Die Veranstalter – ein Bündnis aus Bauern, Klima- und Tierschützern sowie weiteren Verbänden – sprachen von 27.000 Teilnehmern. Die Demo machte auch Station bei einer internationalen Agrarministerkonferenz, die die Bedeutung des Handels für die weltweite Ernährung unterstrich.

„Wir haben die Alibi-Politik des Agrarministeriums gehörig satt“, sagte die Sprecherin, Saskia Richartz. Die Klimakrise, zu viel Nitrat im Grundwasser und ein dramatisches Artensterben zeigten, dass es so nicht weitergehe. Der Bundesregierung komme bei ihrer EU-Ratspräsidentschaft im zweiten Halbjahr 2020 eine zentrale Rolle bei der Ausgestaltung der künftigen EU-Agrarmilliarden zu. Anstelle von Fläche und Ertrag sollten sich Subventionen mehr an Tier- und Klimaschutzkriterien orientieren. Damit seien eine zukunftsfähige Landwirtschaft und gutes Essen auf den Tellern europaweit möglich.

Grünen-Chef Robert Habeck sagte: „Mit der Demo zeigen wir noch einmal, dass es eine große gesellschaftliche Bewegung gibt, die eine andere Landwirtschaftspolitik will.“ Er forderte einen Verkaufsstopp von Lebensmitteln zu Dumpingpreisen und rief die Regierung dazu auf, massenhaftes Kükentöten und die betäubungslose Kastration von Ferkeln zu verbieten. Auf allen Tierprodukten müssten Verbraucher erkennen können, inwieweit bei der Produktion auf das Tierwohl geachtet werde.
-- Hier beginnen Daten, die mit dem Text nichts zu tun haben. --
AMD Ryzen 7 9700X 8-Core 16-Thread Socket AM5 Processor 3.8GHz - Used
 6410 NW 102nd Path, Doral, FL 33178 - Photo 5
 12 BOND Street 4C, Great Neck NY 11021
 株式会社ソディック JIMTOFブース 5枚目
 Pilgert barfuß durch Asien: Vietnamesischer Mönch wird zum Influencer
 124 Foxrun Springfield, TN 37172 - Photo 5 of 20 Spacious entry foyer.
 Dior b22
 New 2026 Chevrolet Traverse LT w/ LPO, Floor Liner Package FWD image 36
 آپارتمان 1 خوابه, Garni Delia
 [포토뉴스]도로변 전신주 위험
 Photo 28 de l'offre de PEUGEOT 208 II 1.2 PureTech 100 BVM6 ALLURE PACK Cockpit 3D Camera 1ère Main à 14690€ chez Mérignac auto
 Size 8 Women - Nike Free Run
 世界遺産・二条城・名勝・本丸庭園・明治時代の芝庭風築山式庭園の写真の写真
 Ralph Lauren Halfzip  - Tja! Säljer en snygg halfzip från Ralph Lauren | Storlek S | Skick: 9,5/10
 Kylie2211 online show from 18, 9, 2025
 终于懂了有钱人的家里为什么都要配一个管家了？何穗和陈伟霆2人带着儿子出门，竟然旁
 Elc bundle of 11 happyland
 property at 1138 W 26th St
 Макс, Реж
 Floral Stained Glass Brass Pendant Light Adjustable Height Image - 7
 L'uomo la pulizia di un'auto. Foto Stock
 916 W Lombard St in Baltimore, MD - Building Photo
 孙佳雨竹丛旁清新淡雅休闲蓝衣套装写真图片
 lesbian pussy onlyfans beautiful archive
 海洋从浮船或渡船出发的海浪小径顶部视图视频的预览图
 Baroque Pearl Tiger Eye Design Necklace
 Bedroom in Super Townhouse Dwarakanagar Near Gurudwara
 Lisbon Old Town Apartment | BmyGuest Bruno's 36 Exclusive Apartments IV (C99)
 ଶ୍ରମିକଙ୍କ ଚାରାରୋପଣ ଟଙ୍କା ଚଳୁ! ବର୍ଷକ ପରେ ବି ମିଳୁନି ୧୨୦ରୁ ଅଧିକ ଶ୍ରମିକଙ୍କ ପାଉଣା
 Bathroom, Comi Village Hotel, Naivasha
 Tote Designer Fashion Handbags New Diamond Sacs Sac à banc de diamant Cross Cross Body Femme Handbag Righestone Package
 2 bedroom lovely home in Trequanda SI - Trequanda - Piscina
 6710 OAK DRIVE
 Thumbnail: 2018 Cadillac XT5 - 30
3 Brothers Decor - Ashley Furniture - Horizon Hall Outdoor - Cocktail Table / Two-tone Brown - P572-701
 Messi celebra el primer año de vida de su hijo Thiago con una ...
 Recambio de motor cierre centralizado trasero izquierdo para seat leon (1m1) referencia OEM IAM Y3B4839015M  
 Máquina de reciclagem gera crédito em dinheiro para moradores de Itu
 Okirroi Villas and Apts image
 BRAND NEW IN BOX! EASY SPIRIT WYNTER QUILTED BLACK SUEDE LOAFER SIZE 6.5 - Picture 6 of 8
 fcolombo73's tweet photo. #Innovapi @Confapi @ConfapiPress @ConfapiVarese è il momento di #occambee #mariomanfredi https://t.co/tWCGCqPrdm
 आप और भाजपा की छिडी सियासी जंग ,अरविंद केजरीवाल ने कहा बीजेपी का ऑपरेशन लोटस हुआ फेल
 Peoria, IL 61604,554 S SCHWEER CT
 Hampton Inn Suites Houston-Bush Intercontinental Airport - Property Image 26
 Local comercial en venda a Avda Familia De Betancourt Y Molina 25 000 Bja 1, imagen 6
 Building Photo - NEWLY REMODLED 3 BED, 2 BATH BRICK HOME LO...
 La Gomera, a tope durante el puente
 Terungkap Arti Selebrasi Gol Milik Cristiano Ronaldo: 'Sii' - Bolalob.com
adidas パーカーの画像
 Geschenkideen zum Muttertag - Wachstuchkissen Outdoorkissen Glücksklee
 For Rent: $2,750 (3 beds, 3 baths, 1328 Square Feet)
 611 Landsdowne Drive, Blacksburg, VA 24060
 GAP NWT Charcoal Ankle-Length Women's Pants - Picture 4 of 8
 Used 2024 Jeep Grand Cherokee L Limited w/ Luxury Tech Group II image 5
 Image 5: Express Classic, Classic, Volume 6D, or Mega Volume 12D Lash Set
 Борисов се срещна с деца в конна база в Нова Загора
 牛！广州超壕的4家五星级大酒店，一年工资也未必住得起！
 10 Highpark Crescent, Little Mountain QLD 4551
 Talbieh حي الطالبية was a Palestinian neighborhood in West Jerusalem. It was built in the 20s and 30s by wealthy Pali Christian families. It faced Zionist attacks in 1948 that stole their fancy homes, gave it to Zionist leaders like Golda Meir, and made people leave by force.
Vertreter von Bauern übergaben eine Protestnote an Bundesagrarministerin Julia Klöckner, die Gastgeberin einer Konferenz mit Regierungsvertretern aus 71 Ländern war. Die CDU-Politikerin kam zu den Demonstranten heraus und machte deutlich, dass neue Ansätze in der europäischen Agrarpolitik kommen würden. Sie warb zugleich um Verständnis dafür, dass andere Landwirte ebenfalls protestierten, weil sie sich durch Kritiker in die Ecke gestellt fühlten.